AZ: Herr Magath, mit dem Länderspiel gegen die USA beginnt die Zeit des neuen Bundestrainers Julian Nagelsmann. Korrekt, dass Sie sich die Flick-Nachfolge auch hätten vorstellen können? Gab es Kontakt zum DFB?
FELIX MAGATH: Nein. Es war vorher klar, dass ich nicht der Liebling des DFB bin. Aber neulich war ich in der Innenstadt, als ein Mann mich ansprach mit: "Der Bundestrainer der Herzen". Endlich mal einer, der das richtig erkannt hat! (lacht) Der Ablauf war ja so: Stefan Effenberg, durchaus ein Fußball-Fachmann, sagte: ‚Der Felix muss es machen!' Dann Didi Hamann: ‚Magath wäre der Richtige.' Daraufhin habe ich gesagt, dass ich das Anforderungsprofil des DFB nicht kenne, aber in dieser Situation jemanden nehmen würde, der sich damit auskennt, Mannschaften zu übernehmen, die instabil sind, und diese wieder nach oben bringt. Ich traue mir das zu. Selbst Uli Hoeneß — nicht unbedingt ein Freund von mir — hat eine Beschreibung abgeliefert, bei der ich dachte: 'Der meint ja mich!'

Felix Magath über den TSV 1860 München: "Ein Jammer"

Nicht nur die DFB-Elf, auch die beiden großen Münchner Klubs machen mal wieder bewegte Zeiten durch. Wie erleben Sie den FC Bayern und den TSV 1860 gerade?

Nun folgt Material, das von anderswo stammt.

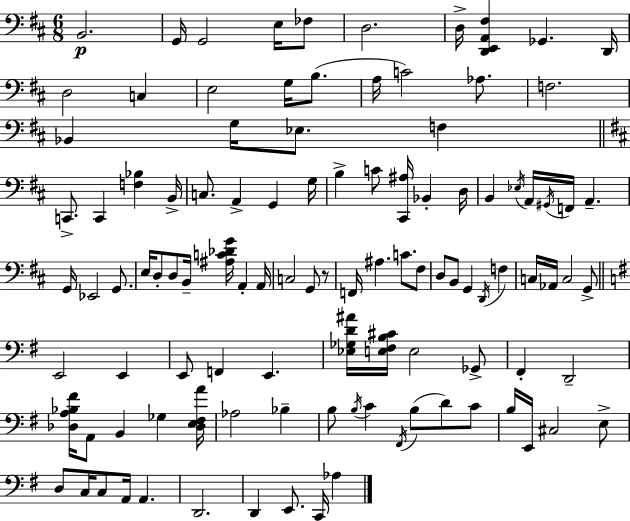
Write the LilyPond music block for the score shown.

{
  \clef bass
  \numericTimeSignature
  \time 6/8
  \key d \major
  b,2.\p | g,16 g,2 e16 fes8 | d2. | d16-> <d, e, a, fis>4 ges,4. d,16 | \break d2 c4 | e2 g16 b8.( | a16 c'2) aes8. | f2. | \break bes,4 g16 ees8. f4 | \bar "||" \break \key b \minor c,8.-> c,4 <f bes>4 b,16-> | c8. a,4-> g,4 g16 | b4-> c'8 <cis, ais>16 bes,4-. d16 | b,4 \acciaccatura { ees16 } a,16 \acciaccatura { gis,16 } f,16 a,4.-- | \break g,16 ees,2 g,8. | e16 d8-. d8 b,16-- <ais c' des' g'>16 a,4-. | a,16 c2 g,8 | r8 f,16 ais4. c'8. | \break fis8 d8 b,8 g,4 \acciaccatura { d,16 } f4 | c16 aes,16 c2 | g,8-> \bar "||" \break \key g \major e,2 e,4 | e,8 f,4 e,4. | <ees ges d' ais'>16 <e fis b cis'>16 e2 ges,8-> | fis,4-. d,2-- | \break <des a bes fis'>16 a,8 b,4 ges4 <des e fis a'>16 | aes2 bes4-- | b8 \acciaccatura { b16 } c'4 \acciaccatura { fis,16 }( b8 d'8) | c'8 b16 e,16 cis2 | \break e8-> d8 c16 c8 a,16 a,4. | d,2. | d,4 e,8. c,16 aes4 | \bar "|."
}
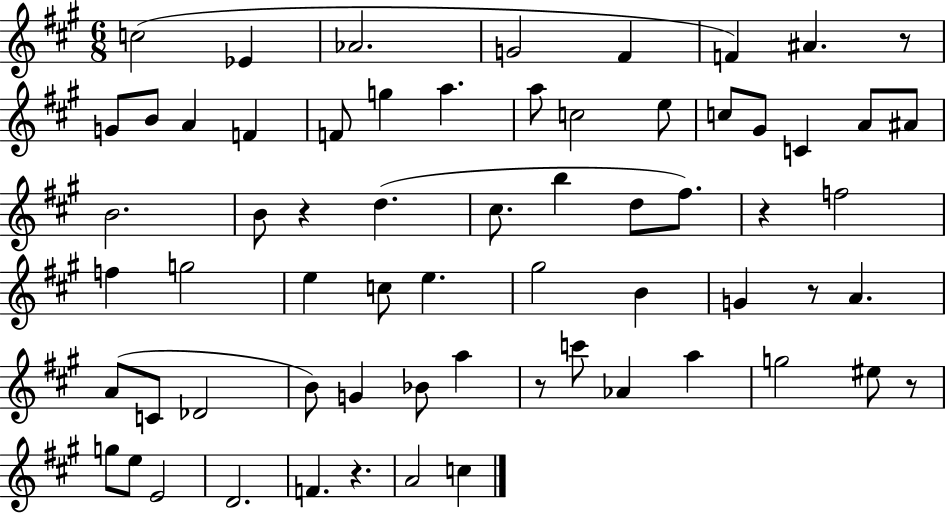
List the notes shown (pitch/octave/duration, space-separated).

C5/h Eb4/q Ab4/h. G4/h F#4/q F4/q A#4/q. R/e G4/e B4/e A4/q F4/q F4/e G5/q A5/q. A5/e C5/h E5/e C5/e G#4/e C4/q A4/e A#4/e B4/h. B4/e R/q D5/q. C#5/e. B5/q D5/e F#5/e. R/q F5/h F5/q G5/h E5/q C5/e E5/q. G#5/h B4/q G4/q R/e A4/q. A4/e C4/e Db4/h B4/e G4/q Bb4/e A5/q R/e C6/e Ab4/q A5/q G5/h EIS5/e R/e G5/e E5/e E4/h D4/h. F4/q. R/q. A4/h C5/q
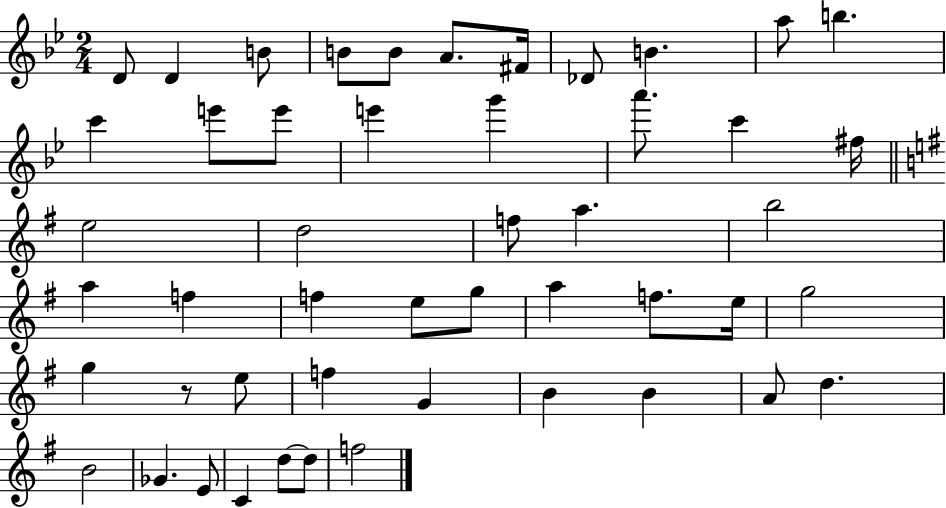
D4/e D4/q B4/e B4/e B4/e A4/e. F#4/s Db4/e B4/q. A5/e B5/q. C6/q E6/e E6/e E6/q G6/q A6/e. C6/q F#5/s E5/h D5/h F5/e A5/q. B5/h A5/q F5/q F5/q E5/e G5/e A5/q F5/e. E5/s G5/h G5/q R/e E5/e F5/q G4/q B4/q B4/q A4/e D5/q. B4/h Gb4/q. E4/e C4/q D5/e D5/e F5/h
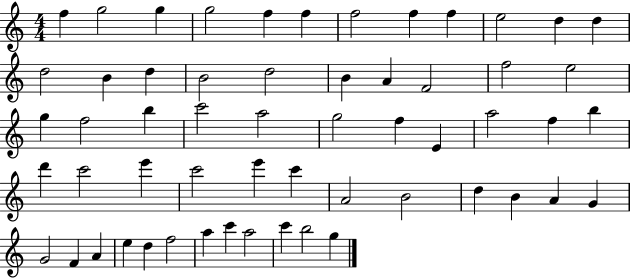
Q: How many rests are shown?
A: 0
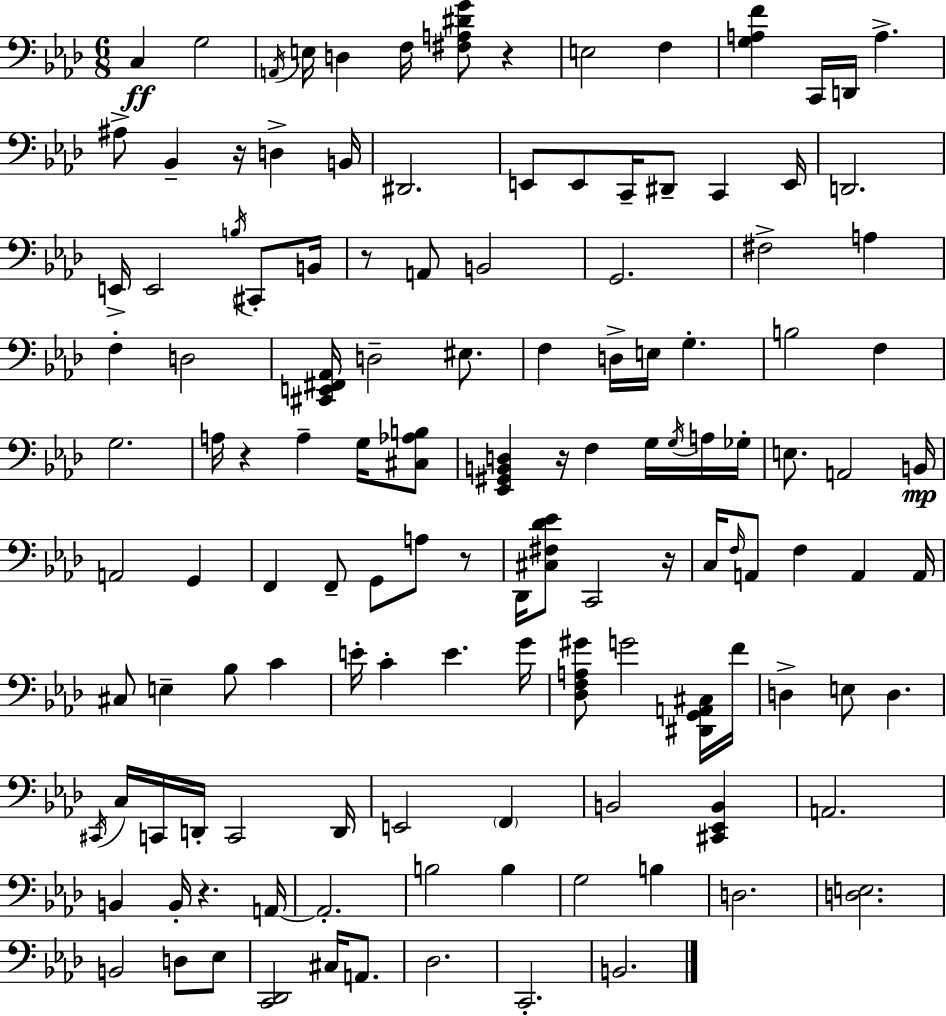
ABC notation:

X:1
T:Untitled
M:6/8
L:1/4
K:Ab
C, G,2 A,,/4 E,/4 D, F,/4 [^F,A,^DG]/2 z E,2 F, [G,A,F] C,,/4 D,,/4 A, ^A,/2 _B,, z/4 D, B,,/4 ^D,,2 E,,/2 E,,/2 C,,/4 ^D,,/2 C,, E,,/4 D,,2 E,,/4 E,,2 B,/4 ^C,,/2 B,,/4 z/2 A,,/2 B,,2 G,,2 ^F,2 A, F, D,2 [^C,,E,,^F,,_A,,]/4 D,2 ^E,/2 F, D,/4 E,/4 G, B,2 F, G,2 A,/4 z A, G,/4 [^C,_A,B,]/2 [_E,,^G,,B,,D,] z/4 F, G,/4 G,/4 A,/4 _G,/4 E,/2 A,,2 B,,/4 A,,2 G,, F,, F,,/2 G,,/2 A,/2 z/2 _D,,/4 [^C,^F,_D_E]/2 C,,2 z/4 C,/4 F,/4 A,,/2 F, A,, A,,/4 ^C,/2 E, _B,/2 C E/4 C E G/4 [_D,F,A,^G]/2 G2 [^D,,G,,A,,^C,]/4 F/4 D, E,/2 D, ^C,,/4 C,/4 C,,/4 D,,/4 C,,2 D,,/4 E,,2 F,, B,,2 [^C,,_E,,B,,] A,,2 B,, B,,/4 z A,,/4 A,,2 B,2 B, G,2 B, D,2 [D,E,]2 B,,2 D,/2 _E,/2 [C,,_D,,]2 ^C,/4 A,,/2 _D,2 C,,2 B,,2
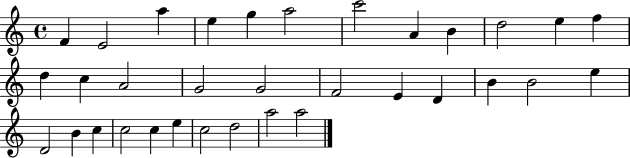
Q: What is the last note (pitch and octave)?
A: A5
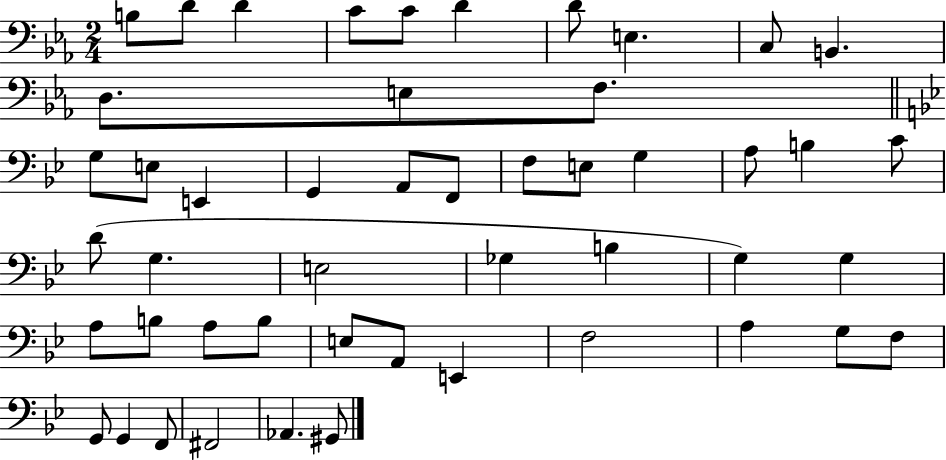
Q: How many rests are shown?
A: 0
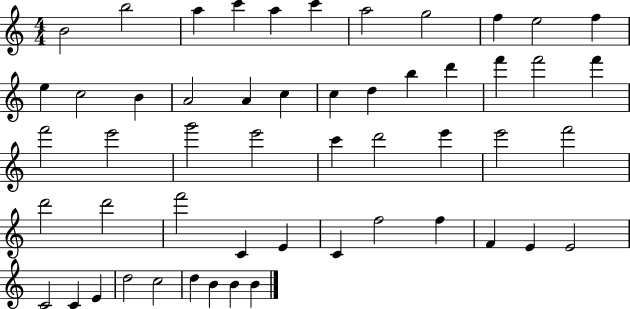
X:1
T:Untitled
M:4/4
L:1/4
K:C
B2 b2 a c' a c' a2 g2 f e2 f e c2 B A2 A c c d b d' f' f'2 f' f'2 e'2 g'2 e'2 c' d'2 e' e'2 f'2 d'2 d'2 f'2 C E C f2 f F E E2 C2 C E d2 c2 d B B B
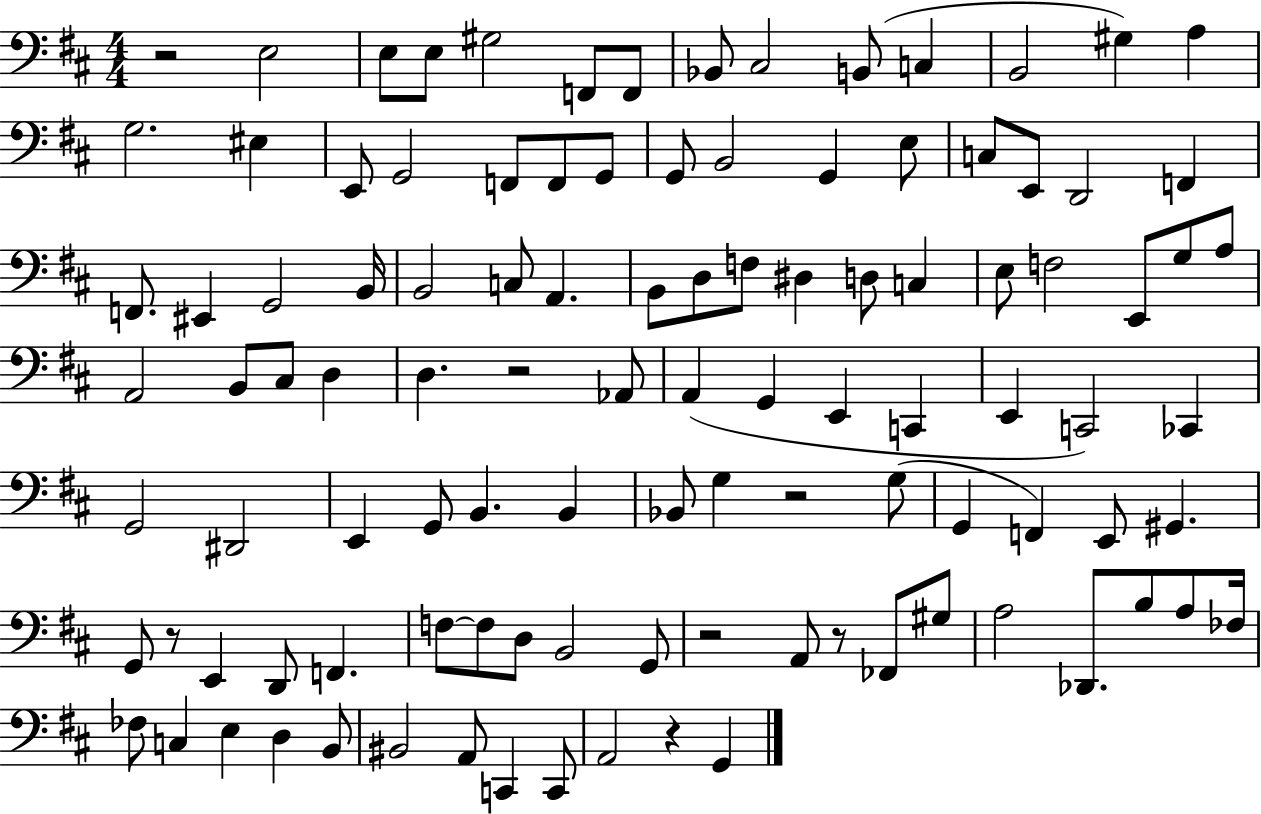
{
  \clef bass
  \numericTimeSignature
  \time 4/4
  \key d \major
  r2 e2 | e8 e8 gis2 f,8 f,8 | bes,8 cis2 b,8( c4 | b,2 gis4) a4 | \break g2. eis4 | e,8 g,2 f,8 f,8 g,8 | g,8 b,2 g,4 e8 | c8 e,8 d,2 f,4 | \break f,8. eis,4 g,2 b,16 | b,2 c8 a,4. | b,8 d8 f8 dis4 d8 c4 | e8 f2 e,8 g8 a8 | \break a,2 b,8 cis8 d4 | d4. r2 aes,8 | a,4( g,4 e,4 c,4 | e,4 c,2) ces,4 | \break g,2 dis,2 | e,4 g,8 b,4. b,4 | bes,8 g4 r2 g8( | g,4 f,4) e,8 gis,4. | \break g,8 r8 e,4 d,8 f,4. | f8~~ f8 d8 b,2 g,8 | r2 a,8 r8 fes,8 gis8 | a2 des,8. b8 a8 fes16 | \break fes8 c4 e4 d4 b,8 | bis,2 a,8 c,4 c,8 | a,2 r4 g,4 | \bar "|."
}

Unterschiedlich (lacht). Wobei beide nicht ihre beste Phase haben. Der TSV: Vor einigen Jahren hatte ich intensiveren Kontakt mit der Vereinsführung. Ich hätte mir sehr gut vorstellen können, die Sechzger als Trainer zu übernehmen. Doch dann gab es Querelen, man wollte sich vom Investor trennen — und der Vorstand trat zurück. Damit war das für mich kein Thema mehr. Ich verfolge das Geschehen natürlich, weil ich nur ein paar Straßen entfernt vom Grünwalder Stadion lebe. Ein-, zweimal im Jahr gehe ich hin, um mir ein Spiel anzuschauen. Es ist natürlich ein Jammer, dass dieser Traditionsklub, der das sogenannte Potenzial hätte, Bundesliga zu spielen, aber momentan zwei Klassen tiefer herumdümpelt. In London spielen sieben oder acht Erstligisten, dazu vier oder fünf Zweitligisten: Da lebt der Fußball! Die Stadien sind mitten in der Stadt — und alles funktioniert! Hier kriegen wir es nicht mal hin, zwei Vereine in einer Stadt zu haben. Wenn Sechzig ein Heimspiel hat, ist halb Giesing abgesperrt, da ist selbst mit dem Fahrrad kaum ein Durchkommen. Unabhängig davon habe ich keine Ahnung, wer sich da im Moment wieder mit wem streitet. Man verliert einfach den Überblick.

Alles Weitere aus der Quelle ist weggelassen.